* _Exercise inputs_
▬▬▬▬▬▬▬▬▬▬
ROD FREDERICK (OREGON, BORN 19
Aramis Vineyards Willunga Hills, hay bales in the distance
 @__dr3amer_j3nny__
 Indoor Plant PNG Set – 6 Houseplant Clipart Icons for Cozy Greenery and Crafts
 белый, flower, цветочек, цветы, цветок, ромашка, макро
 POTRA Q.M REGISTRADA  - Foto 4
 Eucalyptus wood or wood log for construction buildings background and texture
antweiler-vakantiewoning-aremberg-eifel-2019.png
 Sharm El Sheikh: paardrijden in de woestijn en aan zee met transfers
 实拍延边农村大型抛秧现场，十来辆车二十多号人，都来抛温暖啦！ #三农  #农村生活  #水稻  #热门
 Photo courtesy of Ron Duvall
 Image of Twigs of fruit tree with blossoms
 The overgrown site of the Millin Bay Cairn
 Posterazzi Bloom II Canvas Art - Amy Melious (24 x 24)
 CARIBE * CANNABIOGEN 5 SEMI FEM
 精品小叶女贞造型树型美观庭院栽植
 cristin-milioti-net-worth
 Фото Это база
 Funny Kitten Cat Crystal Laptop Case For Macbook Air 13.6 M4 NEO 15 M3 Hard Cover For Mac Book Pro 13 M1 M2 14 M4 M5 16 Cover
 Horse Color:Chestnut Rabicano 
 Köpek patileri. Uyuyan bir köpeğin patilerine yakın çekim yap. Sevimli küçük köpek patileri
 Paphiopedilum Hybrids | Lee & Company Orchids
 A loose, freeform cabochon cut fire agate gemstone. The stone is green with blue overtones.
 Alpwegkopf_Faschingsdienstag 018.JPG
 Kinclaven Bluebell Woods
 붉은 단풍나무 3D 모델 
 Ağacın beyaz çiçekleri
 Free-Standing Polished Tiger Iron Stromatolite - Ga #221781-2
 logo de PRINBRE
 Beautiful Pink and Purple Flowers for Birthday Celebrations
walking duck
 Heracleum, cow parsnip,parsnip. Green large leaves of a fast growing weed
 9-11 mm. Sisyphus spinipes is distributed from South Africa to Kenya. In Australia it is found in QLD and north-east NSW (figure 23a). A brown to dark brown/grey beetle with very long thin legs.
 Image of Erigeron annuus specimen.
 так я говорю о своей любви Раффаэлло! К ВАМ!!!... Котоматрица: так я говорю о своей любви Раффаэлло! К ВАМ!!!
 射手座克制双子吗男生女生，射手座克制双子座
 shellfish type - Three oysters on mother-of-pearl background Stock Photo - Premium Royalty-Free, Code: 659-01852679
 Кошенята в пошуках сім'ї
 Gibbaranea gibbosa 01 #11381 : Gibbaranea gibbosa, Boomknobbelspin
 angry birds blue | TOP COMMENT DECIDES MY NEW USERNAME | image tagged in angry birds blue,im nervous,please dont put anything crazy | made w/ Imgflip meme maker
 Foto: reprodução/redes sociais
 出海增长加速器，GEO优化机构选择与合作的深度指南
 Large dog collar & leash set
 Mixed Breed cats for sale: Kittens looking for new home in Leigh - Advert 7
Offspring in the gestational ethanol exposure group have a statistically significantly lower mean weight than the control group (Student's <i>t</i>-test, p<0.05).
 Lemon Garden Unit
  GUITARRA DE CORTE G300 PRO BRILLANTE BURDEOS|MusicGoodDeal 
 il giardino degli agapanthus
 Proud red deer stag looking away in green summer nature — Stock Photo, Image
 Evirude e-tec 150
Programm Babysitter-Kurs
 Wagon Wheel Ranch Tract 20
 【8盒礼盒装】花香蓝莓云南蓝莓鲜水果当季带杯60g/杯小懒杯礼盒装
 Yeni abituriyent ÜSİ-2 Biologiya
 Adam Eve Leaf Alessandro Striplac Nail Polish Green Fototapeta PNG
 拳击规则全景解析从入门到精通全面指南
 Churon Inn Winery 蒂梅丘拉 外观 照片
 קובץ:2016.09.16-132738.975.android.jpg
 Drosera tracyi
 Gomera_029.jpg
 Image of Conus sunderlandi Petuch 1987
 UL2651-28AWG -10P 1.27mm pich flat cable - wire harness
▬▬▬▬▬▬▬▬▬▬
* _Exercise_
Copy out the range of lines above starting at the line with "Free-Standing Polished Tiger" and ending at the line with "拳击规则全景解析从入门到精通全面指南", exactly and including both.

* _The completed task_
 Free-Standing Polished Tiger Iron Stromatolite - Ga #221781-2
 logo de PRINBRE
 Beautiful Pink and Purple Flowers for Birthday Celebrations
walking duck
 Heracleum, cow parsnip,parsnip. Green large leaves of a fast growing weed
 9-11 mm. Sisyphus spinipes is distributed from South Africa to Kenya. In Australia it is found in QLD and north-east NSW (figure 23a). A brown to dark brown/grey beetle with very long thin legs.
 Image of Erigeron annuus specimen.
 так я говорю о своей любви Раффаэлло! К ВАМ!!!... Котоматрица: так я говорю о своей любви Раффаэлло! К ВАМ!!!
 射手座克制双子吗男生女生，射手座克制双子座
 shellfish type - Three oysters on mother-of-pearl background Stock Photo - Premium Royalty-Free, Code: 659-01852679
 Кошенята в пошуках сім'ї
 Gibbaranea gibbosa 01 #11381 : Gibbaranea gibbosa, Boomknobbelspin
 angry birds blue | TOP COMMENT DECIDES MY NEW USERNAME | image tagged in angry birds blue,im nervous,please dont put anything crazy | made w/ Imgflip meme maker
 Foto: reprodução/redes sociais
 出海增长加速器，GEO优化机构选择与合作的深度指南
 Large dog collar & leash set
 Mixed Breed cats for sale: Kittens looking for new home in Leigh - Advert 7
Offspring in the gestational ethanol exposure group have a statistically significantly lower mean weight than the control group (Student's <i>t</i>-test, p<0.05).
 Lemon Garden Unit
  GUITARRA DE CORTE G300 PRO BRILLANTE BURDEOS|MusicGoodDeal 
 il giardino degli agapanthus
 Proud red deer stag looking away in green summer nature — Stock Photo, Image
 Evirude e-tec 150
Programm Babysitter-Kurs
 Wagon Wheel Ranch Tract 20
 【8盒礼盒装】花香蓝莓云南蓝莓鲜水果当季带杯60g/杯小懒杯礼盒装
 Yeni abituriyent ÜSİ-2 Biologiya
 Adam Eve Leaf Alessandro Striplac Nail Polish Green Fototapeta PNG
 拳击规则全景解析从入门到精通全面指南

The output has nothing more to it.